When something happens on a scale as huge as WWII, the event is comprised of thousands of narratives, most of which tend to fall through the cracks of history. Land of Mine is a story that could have easily gone without being told, as it documents the almost taboo subject of German suffering directly following the war. Specifically, the young German boys who were made to rid Denmark’s shores of the thousands of mines following the Nazis’ five year occupation. Some precautions were taken, but the Germans were considered expendable and the survival rate was about 50%.

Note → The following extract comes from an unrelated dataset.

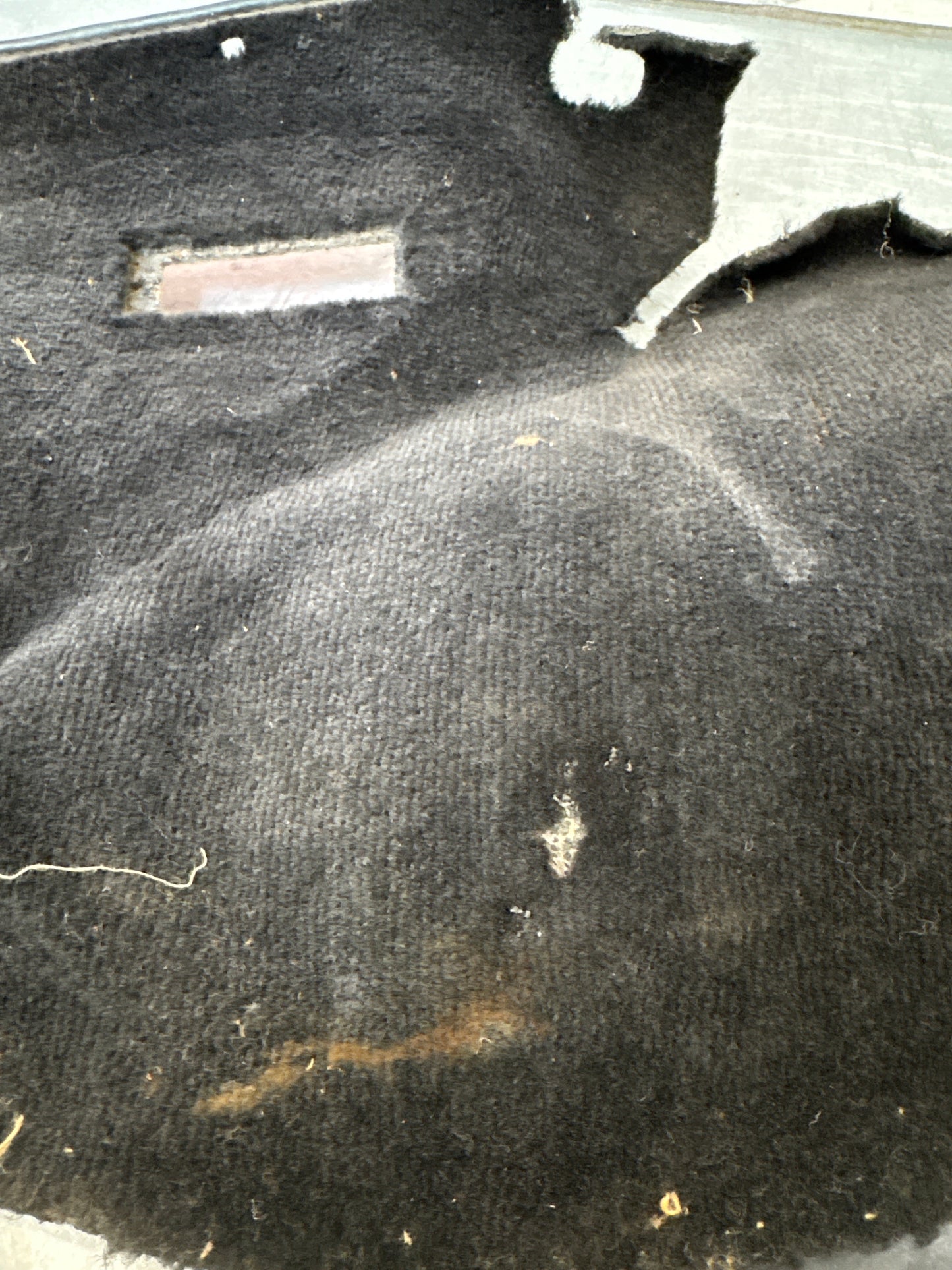 Porsche 924/944 85.5- rear left side trim carpet, black, 94455508301, used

Land of Mine raises many moral questions while also making for a chilling viewing experience. Was this a necessary evil? Should Denmark have handled this differently? Emphasis is given to the youth of the soldiers recruited for this task, but it’s unclear if this was the case for most minesweepers or just the group the film focuses on. Words like “Nazi”, “Third Reich”, or “Führer” are never mentioned, as this story is about what happened once those concepts failed the generation who inherited their crimes.
Director Martin Zandvliet (Applause) does a good job of telegraphing explosions that never come, then rocking you just when you think it’s safe. It’s an intense, sometimes difficult viewing experience with bursts of violence contrasted by beautiful crane shots of Denmark’s beaches and surrounding countryside.
Though not for the faint of heart, Land of Mine is a harsh study of humanity in postwar Europe that should be seen.